Source data

-------------------------

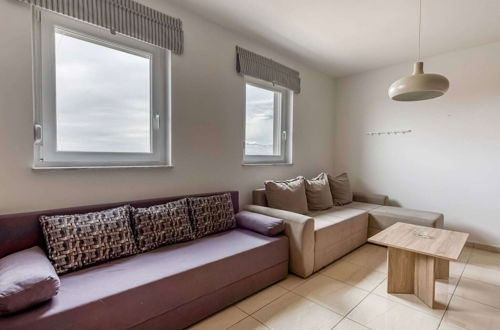 Foto 12 - Charming Apartment in Novalja near Zrče Beach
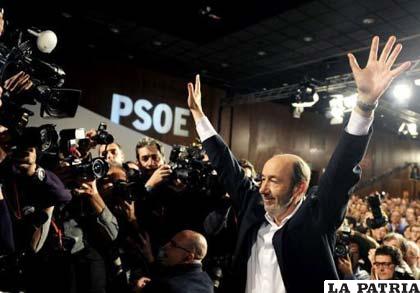 Alfredo Pérez Rubalcaba saluda a los delegados del 38 Congreso del PSOE tras ser elegido como nuevo secretario general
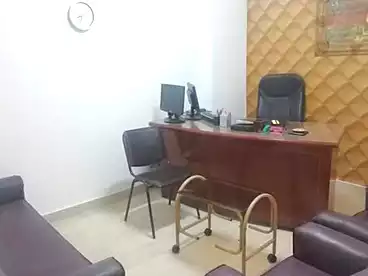 إداري للإيجار في شارع خليل خيرالله، الهانوفيل، 100 متر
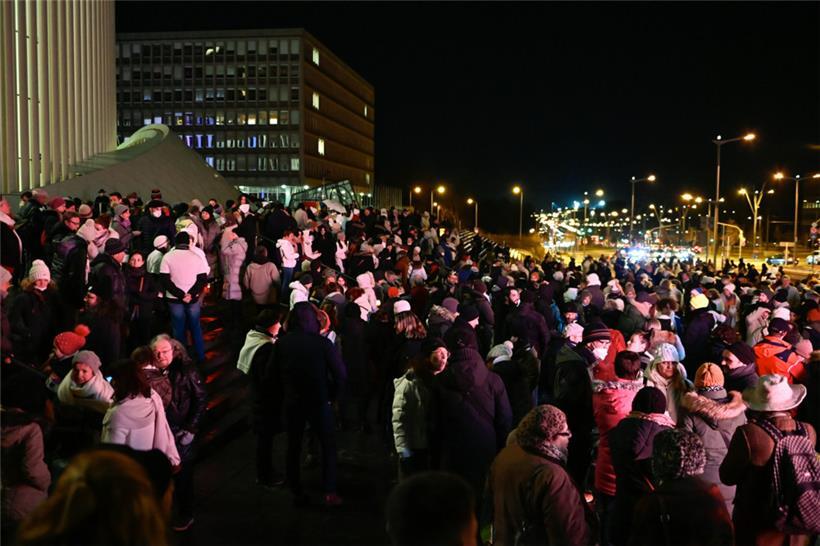 „Marche Blanche“ am 14. Januar 2022 vor der Philharmonie in Luxemburg.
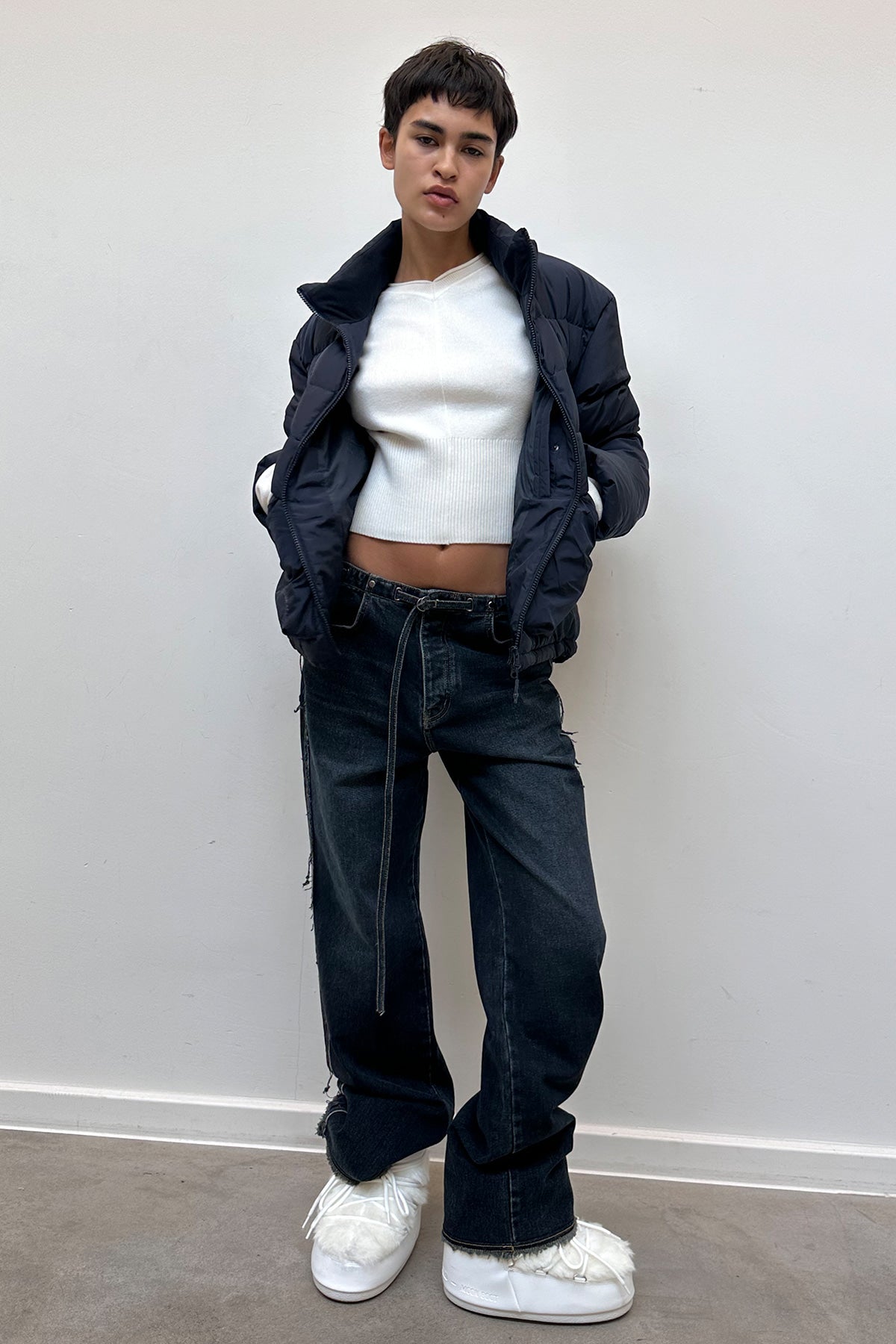 ダウンジャケット・コート [MATINKIM]big pocket puffer down jumper for women in navy MATIN KIM BIG POCKET PUFFER DOWN JUMPER FOR WOMEN IN NAVY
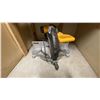 Image 5 : DEWALT DW716, 12"DOUBLE-BEVEL COMPOUND MITER SAW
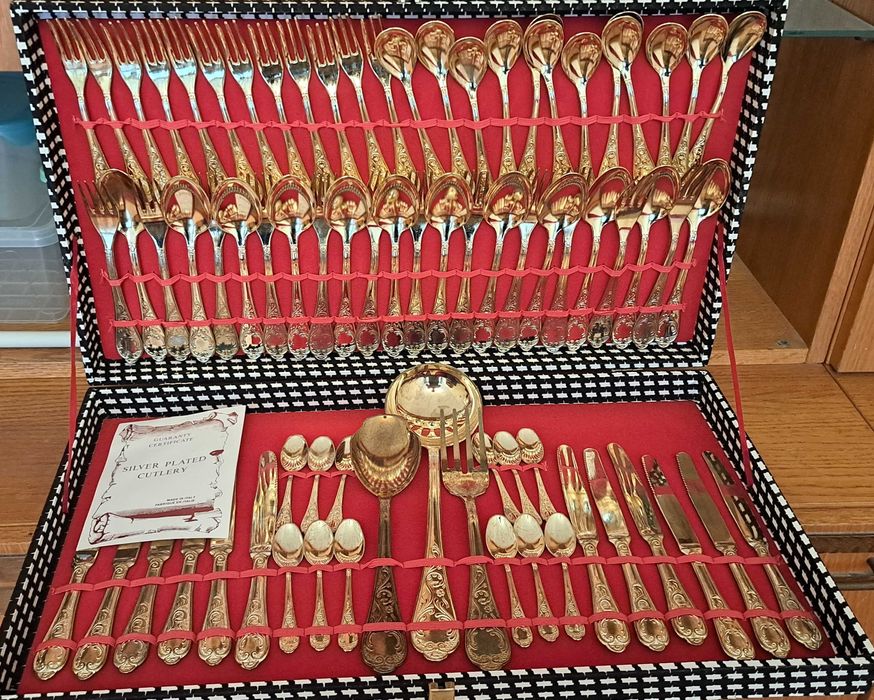 Комплект за хранене (прибори за 12 човека)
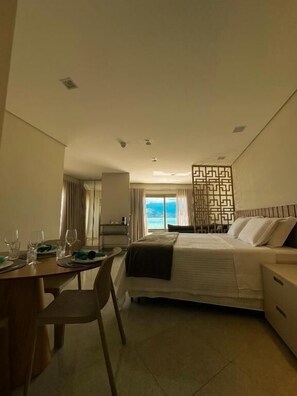 Premium Apartment, Sea View | Premium bedding, free WiFi, bed sheets - Ágape Suítes e Apartamentos (São Sebastião)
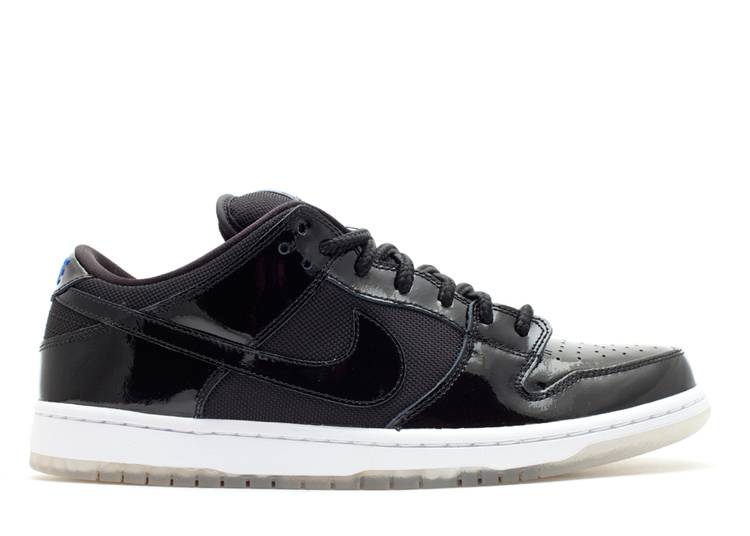 Nike SB Dunk Low Space Jam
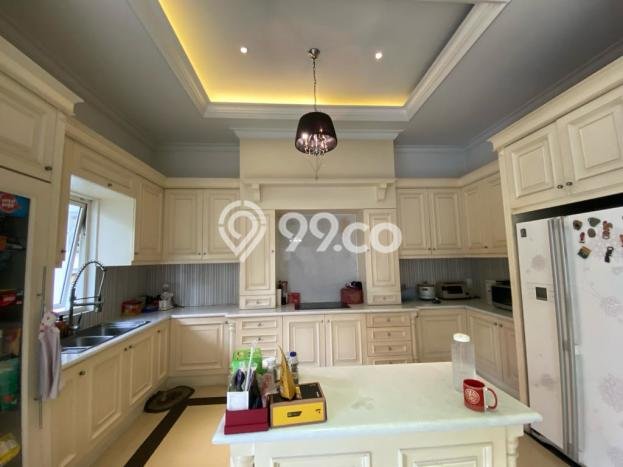 Rumah Elit Modern Tanpa Renovasi di Pantai Indah Kapuk Jakarta Utara Rumah Elit Modern Tanpa Renovasi di Pantai Indah Kapuk Jakarta Utara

-------------------------

** EXERCISE DETAILS **
All lines from the start of the entries above through the line containing "Philharmonie in Luxemburg." must be transcribed exactly, both ends included, and no picture may be copied.

** TASK ANSWER **
 Foto 12 - Charming Apartment in Novalja near Zrče Beach
 Alfredo Pérez Rubalcaba saluda a los delegados del 38 Congreso del PSOE tras ser elegido como nuevo secretario general
 إداري للإيجار في شارع خليل خيرالله، الهانوفيل، 100 متر
 „Marche Blanche“ am 14. Januar 2022 vor der Philharmonie in Luxemburg.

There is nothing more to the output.